1 substrate 2 Incident side optical fiber unit 3 Output side optical fiber unit 4 First support member 5 First collimating lens 6 Incident side optical fiber 7 Second support member 8 Second collimating lens 9 Output side optical fiber 10 turntable 11 Optical filter unit 12 First glass block 13 Second glass block 14 Filter membrane

Claims (6)

(57) [Claims] 1. According to a change in an incident angle to a film surface between an incident side optical fiber and an outgoing side optical fiber, which are installed to face each other on the same optical axis, and the incident side optical fiber and the outgoing side optical fiber. And a filter film whose filter characteristics change with respect to transmitted light, and two semi-cylindrical light-transmitting bodies that form an optical filter unit by forming a columnar body in which the respective rectangular planes face each other and enclose the filter film. And a variable wavelength optical filter having a variable angle with respect to the optical axis of the optical filter unit. 2. The wavelength tunable optical filter according to claim 1,
Further, the wavelength tunable optical filter is characterized in that it has a turntable for varying a surface angle of the filter film with respect to the optical axis, and an optical filter unit is mounted on the turntable. 3. A wavelength tunable optical filter, wherein the turntable and the cylindrical optical filter unit according to claim 2 are mounted on the same rotary shaft. 4. The wavelength according to claim 2, wherein the incident side optical fiber and the emission side optical fiber according to claim 2 and the turntable on which the optical filter unit is mounted are installed and configured on one substrate.
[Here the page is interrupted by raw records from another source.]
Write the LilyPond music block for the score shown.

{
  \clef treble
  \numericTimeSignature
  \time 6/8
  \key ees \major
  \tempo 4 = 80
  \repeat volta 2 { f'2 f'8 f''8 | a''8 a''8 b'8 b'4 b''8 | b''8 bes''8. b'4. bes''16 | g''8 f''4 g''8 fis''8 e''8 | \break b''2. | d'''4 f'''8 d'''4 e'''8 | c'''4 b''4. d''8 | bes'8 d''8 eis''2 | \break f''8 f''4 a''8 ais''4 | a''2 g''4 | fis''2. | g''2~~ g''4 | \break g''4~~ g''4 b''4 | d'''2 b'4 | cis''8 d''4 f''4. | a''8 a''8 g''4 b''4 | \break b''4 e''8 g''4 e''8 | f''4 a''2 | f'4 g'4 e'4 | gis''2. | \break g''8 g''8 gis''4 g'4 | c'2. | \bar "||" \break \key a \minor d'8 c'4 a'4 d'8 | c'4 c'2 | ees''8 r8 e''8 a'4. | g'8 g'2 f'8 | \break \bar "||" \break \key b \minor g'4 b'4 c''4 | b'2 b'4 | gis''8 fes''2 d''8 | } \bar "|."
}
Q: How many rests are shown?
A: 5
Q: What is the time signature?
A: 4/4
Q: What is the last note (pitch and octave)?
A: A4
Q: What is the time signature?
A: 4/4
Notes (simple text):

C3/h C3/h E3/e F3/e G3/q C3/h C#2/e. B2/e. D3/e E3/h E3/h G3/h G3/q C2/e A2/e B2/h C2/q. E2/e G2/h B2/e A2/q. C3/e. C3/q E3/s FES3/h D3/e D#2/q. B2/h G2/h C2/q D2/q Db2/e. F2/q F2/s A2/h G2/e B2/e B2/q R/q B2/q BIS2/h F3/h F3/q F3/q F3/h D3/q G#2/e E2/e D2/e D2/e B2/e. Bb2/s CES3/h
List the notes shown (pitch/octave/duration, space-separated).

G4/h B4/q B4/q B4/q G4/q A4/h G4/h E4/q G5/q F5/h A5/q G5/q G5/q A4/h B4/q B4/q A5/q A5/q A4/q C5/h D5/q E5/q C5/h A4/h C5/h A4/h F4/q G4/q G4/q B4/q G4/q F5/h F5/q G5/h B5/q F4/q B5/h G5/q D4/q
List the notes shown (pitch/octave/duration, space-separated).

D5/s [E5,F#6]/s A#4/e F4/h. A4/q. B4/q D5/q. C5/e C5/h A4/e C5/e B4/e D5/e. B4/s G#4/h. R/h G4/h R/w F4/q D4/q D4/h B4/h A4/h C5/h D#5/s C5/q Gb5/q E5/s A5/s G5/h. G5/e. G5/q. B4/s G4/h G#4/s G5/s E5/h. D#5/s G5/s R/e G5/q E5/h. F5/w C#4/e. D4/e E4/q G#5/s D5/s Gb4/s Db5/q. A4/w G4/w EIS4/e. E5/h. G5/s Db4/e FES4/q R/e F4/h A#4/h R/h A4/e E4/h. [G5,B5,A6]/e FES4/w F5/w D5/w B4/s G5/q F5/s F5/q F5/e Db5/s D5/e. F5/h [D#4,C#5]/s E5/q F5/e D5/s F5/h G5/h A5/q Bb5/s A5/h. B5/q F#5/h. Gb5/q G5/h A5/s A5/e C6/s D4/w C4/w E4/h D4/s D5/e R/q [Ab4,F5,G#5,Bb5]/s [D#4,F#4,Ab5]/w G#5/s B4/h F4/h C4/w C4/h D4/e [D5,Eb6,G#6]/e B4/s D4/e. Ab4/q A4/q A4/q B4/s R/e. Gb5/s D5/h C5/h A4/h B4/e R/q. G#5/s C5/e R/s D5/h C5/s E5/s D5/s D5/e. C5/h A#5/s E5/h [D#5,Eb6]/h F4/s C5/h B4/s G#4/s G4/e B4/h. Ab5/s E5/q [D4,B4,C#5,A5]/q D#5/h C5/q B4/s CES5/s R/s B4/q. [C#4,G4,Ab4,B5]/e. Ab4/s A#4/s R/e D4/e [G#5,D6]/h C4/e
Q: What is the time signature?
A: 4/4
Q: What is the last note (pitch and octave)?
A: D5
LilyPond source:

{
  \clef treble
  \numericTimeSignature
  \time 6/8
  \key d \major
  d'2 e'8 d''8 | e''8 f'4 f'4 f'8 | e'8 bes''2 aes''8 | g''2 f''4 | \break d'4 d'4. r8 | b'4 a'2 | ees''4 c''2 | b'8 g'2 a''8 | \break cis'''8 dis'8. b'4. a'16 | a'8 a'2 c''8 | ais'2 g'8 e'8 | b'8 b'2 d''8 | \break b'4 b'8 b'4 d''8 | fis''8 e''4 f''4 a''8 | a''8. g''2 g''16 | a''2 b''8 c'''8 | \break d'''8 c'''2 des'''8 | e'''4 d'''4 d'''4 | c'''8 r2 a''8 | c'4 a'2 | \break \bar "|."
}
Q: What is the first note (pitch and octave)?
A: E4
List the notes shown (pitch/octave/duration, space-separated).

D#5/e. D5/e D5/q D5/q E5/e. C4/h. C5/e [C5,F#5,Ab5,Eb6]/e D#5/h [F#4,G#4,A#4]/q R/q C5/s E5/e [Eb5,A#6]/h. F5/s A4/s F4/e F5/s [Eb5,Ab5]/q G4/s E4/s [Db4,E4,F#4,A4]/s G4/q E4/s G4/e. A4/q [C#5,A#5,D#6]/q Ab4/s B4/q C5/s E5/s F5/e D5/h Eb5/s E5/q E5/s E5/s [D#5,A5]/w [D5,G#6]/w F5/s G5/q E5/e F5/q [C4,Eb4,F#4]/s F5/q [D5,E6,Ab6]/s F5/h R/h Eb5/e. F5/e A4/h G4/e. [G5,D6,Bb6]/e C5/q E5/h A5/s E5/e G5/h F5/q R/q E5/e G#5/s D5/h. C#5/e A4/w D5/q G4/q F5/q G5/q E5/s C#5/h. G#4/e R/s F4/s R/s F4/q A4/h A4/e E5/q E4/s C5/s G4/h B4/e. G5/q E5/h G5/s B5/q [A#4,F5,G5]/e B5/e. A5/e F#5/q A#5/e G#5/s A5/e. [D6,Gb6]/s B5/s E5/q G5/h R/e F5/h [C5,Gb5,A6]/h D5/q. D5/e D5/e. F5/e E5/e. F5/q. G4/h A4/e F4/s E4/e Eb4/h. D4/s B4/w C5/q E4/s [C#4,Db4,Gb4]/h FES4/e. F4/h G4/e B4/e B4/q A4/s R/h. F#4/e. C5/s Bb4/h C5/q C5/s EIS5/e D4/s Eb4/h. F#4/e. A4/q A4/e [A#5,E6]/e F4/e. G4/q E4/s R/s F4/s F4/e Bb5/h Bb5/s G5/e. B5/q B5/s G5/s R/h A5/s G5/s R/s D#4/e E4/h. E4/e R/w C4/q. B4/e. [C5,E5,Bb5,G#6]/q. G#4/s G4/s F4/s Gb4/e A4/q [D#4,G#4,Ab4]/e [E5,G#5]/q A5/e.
Variable optical filter. 5. The wavelength tunable optical filter according to claim 4, wherein the incident side optical fiber and the emission side optical fiber are fixed to a supporting member mounted on a substrate, respectively. 6. The support member according to claim 5, further comprising:
A tunable optical filter, characterized in that collimator lenses are respectively fixed on the rear side of the incident side optical fiber and the front side of the emitting side optical fiber.